ISLAMABAD-The government on Friday admitted its failure for not reducing the debt-to-GDP ratio to 60 percent by end June 2019 as per Fiscal Responsibility and Debt Limitation Act, which rather has increased during the recent years.

“Total public debt and total debt of the government as percentage of GDP stood at 84.8 percent and 76.6 percent respectively at end June 2019, thus, increasing further during FY (fiscal year) 2018-19. Apart from fiscal deficit, unprecedented revaluation loss on account of currency depreciation and build-up of liquidity buffer contributed significantly toward the increase in debt-to-GDP ratio during FY 2018-19,” the ministry of finance stated in Debt Policy Statement 2019-20. The ministry has also released Fiscal Policy Statement 2019-20. The federal government has to lay the Debt Policy Statement and Fiscal Policy Statement before the National Assembly by the end of January each year.

The government has also failed to reduce the budget deficit at 4 percent of the GDP. The FRDL Act, 2005 requires that the federal government take measures to reduce federal fiscal deficit to four percent of gross domestic product during the three years, beginning from the financial year 2018-19. The federal fiscal deficit (excluding grants) was recorded at Rs 3,635 billion or 9.4 percent of GDP during FY 2018-19, thus, remaining higher than the threshold of 4 percent.

The report revealed that Pakistan’s total public debt and liabilities were recorded at Rs41,489 billion (94.3 percent of the GDP) by the end of September 2019. The country’s total public debt has reached Rs 34,241 billion at end September 2019 registering an increase of Rs 1,533 billion during first quarter of current fiscal year. Domestic debt registered an increase of Rs 1,918 billion during first quarter of FY 2019-20 while government borrowing for financing of federal fiscal deficit from domestic sources was only Rs 308 billion during the said period. Meanwhile, External Debt Liabilities (EDL) was recorded at US$ 106.3 billion by end June 2019, registering an increase of US$ 11.1 billion compared to an increase of US$ 11.8 billion recorded a year earlier.

The federal government has vowed to reduce the debt to GDP in next five years. Beginning from the financial year 2018-19 total public debt shall be reduced by 0.5 percent every year and from 2023-24 and going up to financial year 2032-33 a reduction of 0.75 percent every year to reduce the total public debt to fifty percent of the estimated gross domestic product and thereafter maintaining it to fifty percent or less of the estimated gross domestic product.

Meanwhile, the government said that no new guarantees would be issued for rupee lending, bonds, rates of return, output purchase agreements and all other claims and commitments that may be prescribed, from time to time, for any amount exceeding two percent of the estimated gross domestic product in any financial year: Provided that the renewal of existing guarantees shall be considered as issuing a new guarantee.
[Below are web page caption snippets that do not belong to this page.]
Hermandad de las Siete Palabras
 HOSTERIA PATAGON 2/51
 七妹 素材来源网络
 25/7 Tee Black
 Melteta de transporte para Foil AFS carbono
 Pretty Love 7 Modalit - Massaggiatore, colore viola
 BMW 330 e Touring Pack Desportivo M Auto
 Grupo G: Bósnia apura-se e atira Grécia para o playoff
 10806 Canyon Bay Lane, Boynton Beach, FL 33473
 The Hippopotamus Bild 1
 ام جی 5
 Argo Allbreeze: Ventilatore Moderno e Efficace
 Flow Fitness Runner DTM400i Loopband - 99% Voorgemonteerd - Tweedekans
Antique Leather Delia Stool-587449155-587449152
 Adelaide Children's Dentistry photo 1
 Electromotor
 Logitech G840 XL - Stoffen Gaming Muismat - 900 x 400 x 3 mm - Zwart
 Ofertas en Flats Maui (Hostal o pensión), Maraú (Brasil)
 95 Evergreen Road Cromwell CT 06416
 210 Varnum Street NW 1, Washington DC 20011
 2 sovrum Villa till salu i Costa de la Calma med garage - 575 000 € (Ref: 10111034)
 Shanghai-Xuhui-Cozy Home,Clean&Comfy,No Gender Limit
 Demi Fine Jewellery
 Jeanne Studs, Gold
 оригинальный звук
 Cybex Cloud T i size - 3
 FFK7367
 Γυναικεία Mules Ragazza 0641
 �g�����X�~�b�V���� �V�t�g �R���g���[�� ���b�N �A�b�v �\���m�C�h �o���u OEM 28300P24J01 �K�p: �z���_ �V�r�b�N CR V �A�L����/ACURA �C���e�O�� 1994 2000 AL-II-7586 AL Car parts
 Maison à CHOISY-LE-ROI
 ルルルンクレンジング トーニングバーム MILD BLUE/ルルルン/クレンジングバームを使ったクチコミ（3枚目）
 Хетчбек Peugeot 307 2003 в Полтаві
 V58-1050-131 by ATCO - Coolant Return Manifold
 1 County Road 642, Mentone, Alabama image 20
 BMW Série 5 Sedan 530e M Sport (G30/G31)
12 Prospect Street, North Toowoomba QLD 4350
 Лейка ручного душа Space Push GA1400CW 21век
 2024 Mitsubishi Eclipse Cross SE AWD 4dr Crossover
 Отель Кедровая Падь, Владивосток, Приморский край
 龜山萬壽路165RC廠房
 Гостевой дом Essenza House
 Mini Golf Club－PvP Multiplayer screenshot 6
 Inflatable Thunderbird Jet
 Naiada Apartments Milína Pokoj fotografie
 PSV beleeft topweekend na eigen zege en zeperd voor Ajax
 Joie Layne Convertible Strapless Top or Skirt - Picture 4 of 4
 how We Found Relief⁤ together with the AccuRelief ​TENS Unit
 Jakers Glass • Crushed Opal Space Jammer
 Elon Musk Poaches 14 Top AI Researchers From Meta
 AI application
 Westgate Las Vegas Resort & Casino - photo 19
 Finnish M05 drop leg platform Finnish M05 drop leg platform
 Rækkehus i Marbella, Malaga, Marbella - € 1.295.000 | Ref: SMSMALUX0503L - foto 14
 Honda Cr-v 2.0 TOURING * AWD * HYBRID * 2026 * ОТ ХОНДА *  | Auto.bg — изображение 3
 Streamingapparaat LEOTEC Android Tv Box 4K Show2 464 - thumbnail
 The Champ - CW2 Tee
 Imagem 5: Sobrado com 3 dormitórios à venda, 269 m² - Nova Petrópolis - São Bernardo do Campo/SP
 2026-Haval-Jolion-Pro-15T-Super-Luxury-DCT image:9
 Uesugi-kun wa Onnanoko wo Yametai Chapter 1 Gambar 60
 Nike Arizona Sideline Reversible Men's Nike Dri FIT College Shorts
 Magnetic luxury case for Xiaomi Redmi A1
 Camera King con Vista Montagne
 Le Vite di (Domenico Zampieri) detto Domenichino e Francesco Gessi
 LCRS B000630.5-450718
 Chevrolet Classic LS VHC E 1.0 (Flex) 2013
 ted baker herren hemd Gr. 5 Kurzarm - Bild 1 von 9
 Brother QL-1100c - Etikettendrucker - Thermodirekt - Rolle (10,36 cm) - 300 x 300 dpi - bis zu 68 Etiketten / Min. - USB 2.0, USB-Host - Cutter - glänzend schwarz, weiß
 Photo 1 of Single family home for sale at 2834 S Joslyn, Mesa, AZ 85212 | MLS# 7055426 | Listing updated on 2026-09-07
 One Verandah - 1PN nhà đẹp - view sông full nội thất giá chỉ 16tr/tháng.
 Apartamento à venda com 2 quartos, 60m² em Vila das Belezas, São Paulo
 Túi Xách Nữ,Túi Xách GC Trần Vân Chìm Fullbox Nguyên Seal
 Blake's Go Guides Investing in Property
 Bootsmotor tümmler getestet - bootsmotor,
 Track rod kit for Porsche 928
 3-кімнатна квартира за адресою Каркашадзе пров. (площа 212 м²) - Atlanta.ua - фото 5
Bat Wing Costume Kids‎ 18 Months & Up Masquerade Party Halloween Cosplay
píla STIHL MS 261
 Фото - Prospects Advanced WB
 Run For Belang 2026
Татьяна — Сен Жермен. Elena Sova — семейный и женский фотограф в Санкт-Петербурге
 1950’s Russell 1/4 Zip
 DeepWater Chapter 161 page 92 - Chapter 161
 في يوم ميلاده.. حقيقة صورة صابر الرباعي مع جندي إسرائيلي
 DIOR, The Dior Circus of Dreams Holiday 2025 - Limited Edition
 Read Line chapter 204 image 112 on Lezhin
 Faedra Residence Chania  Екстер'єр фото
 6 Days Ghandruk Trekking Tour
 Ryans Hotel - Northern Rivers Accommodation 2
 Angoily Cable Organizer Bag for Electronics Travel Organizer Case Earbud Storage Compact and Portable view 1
Government is committed to achieve the targets outlined in Fiscal Responsibility and Debt Limitation Act, 2005. Going forward, the government said following are the main priorities with respect to public debt management over the medium term: government objective is to bring and maintain its Public Debt-to-GDP and Debt Service-to-Revenue ratios to sustainable levels through a combination of greater revenue mobilization, rationalization of current expenditure and efficient/productive utilization of debt. For domestic debt market development, the government is planning to introduce various new instruments with the objective to meet government financing requirements at the lowest possible cost while providing additional avenue to investor in-line with their investment horizon and risk appetite / preference. Government intends to broaden the universe of Shariah compliant securities (domestic as well as international). Lengthening of maturity profile of domestic debt through enhanced mobilization from medium to long term government securities will remain priority to reduce the re-financing and interest rate risks of domestic debt portfolio. Government will continue to seek long term concessional loans for development purposes.

Meanwhile, the government is also taking necessary steps for ensuring fiscal discipline and consolidation, stabilizing the economy and accelerating growth. Accordingly, the government has started revamping the economy through structural reforms and stabilization measures such as broadening the tax base, reforming the Public Sector Enterprises (PSEs) and reducing the fiscal deficit, while ensuring that social safety net and development spending are not only protected but enhanced considerably. All these measures are expected to bring stability leading to gradual reduction in the fiscal deficit over next few years and subsequently would reduce the country’s reliance on additional debt.